This exercise calls for every record to be returned exactly, with pictures removed.

(Web page caption snippets)
*-*-*
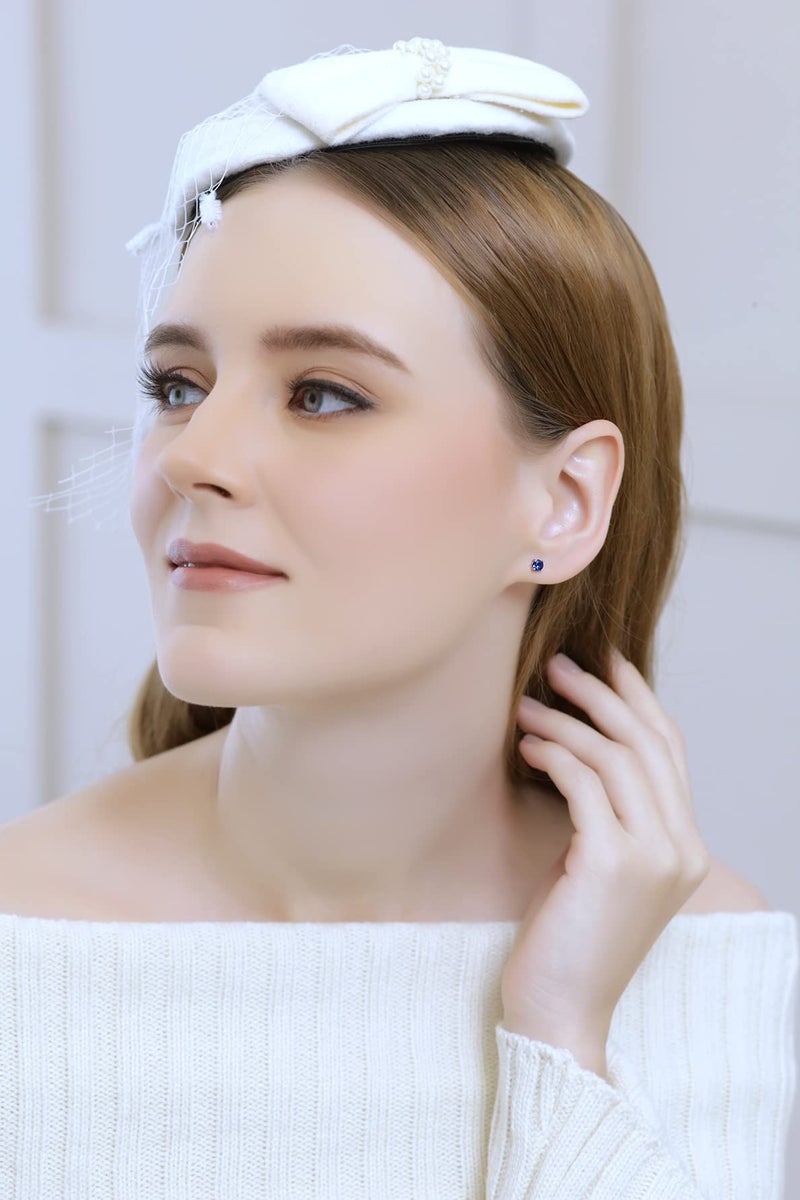 B. BRILLIANT Sapphire Earrings | 925 Sterling Silver Earing | 4mm Round Solitaire Studs Created Blue Sapphire Earrings for Women - Image 2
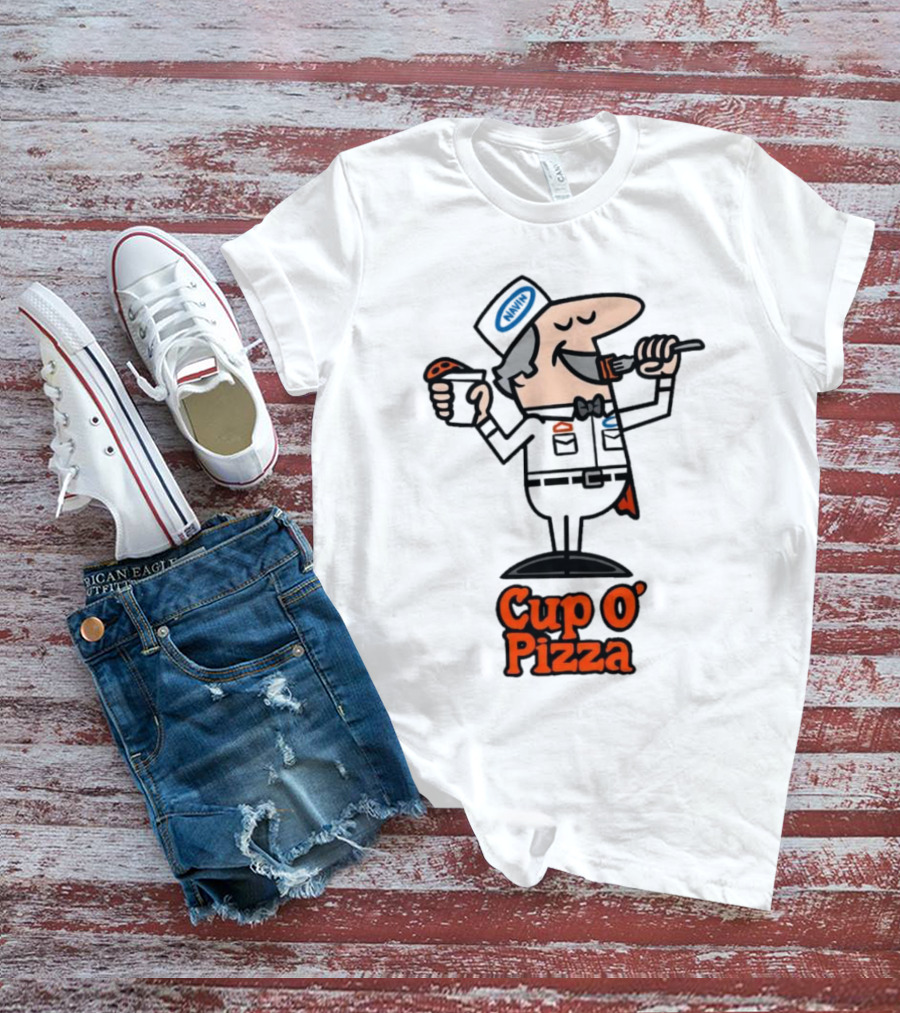 Cup O' Pizza Cartoon Character Eating From A Fork And Cup T-Shirt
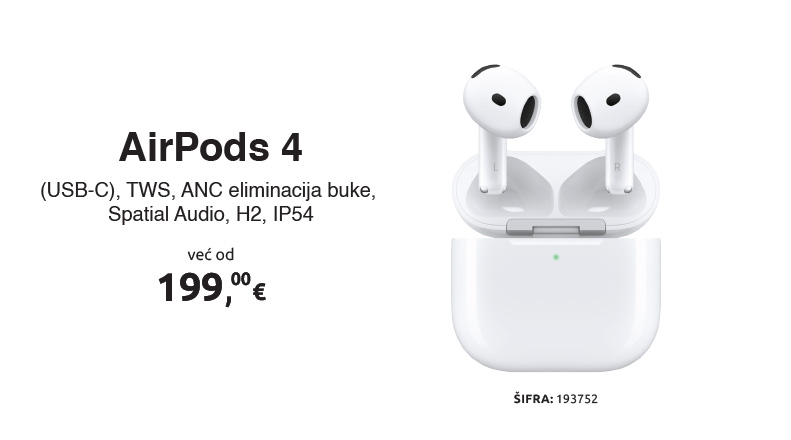 Bluetooth slušalice APPLE AirPods 4 (USB-C), TWS, ANC eliminacija buke, Spatial Audio, H2, IP54, bijele (mxp93zm/a)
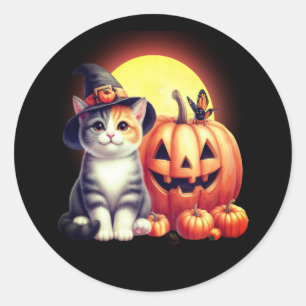 Cute Halloween Tabby Cat Stickers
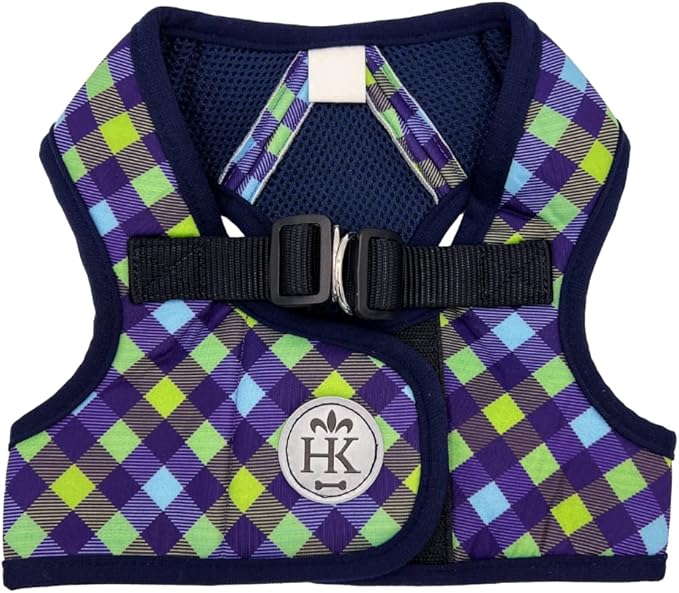 Huxley & Kent Hudson Walking & Training Harness - Blue/Green Check (Large, 22-35lbs) - Easy Control Step-in Mesh Vest Harness with Reflective Strips for Safety - H&K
*-*-*
Exercise answer:
 B. BRILLIANT Sapphire Earrings | 925 Sterling Silver Earing | 4mm Round Solitaire Studs Created Blue Sapphire Earrings for Women - Image 2
 Cup O' Pizza Cartoon Character Eating From A Fork And Cup T-Shirt
 Bluetooth slušalice APPLE AirPods 4 (USB-C), TWS, ANC eliminacija buke, Spatial Audio, H2, IP54, bijele (mxp93zm/a)
 Cute Halloween Tabby Cat Stickers
 Huxley & Kent Hudson Walking & Training Harness - Blue/Green Check (Large, 22-35lbs) - Easy Control Step-in Mesh Vest Harness with Reflective Strips for Safety - H&K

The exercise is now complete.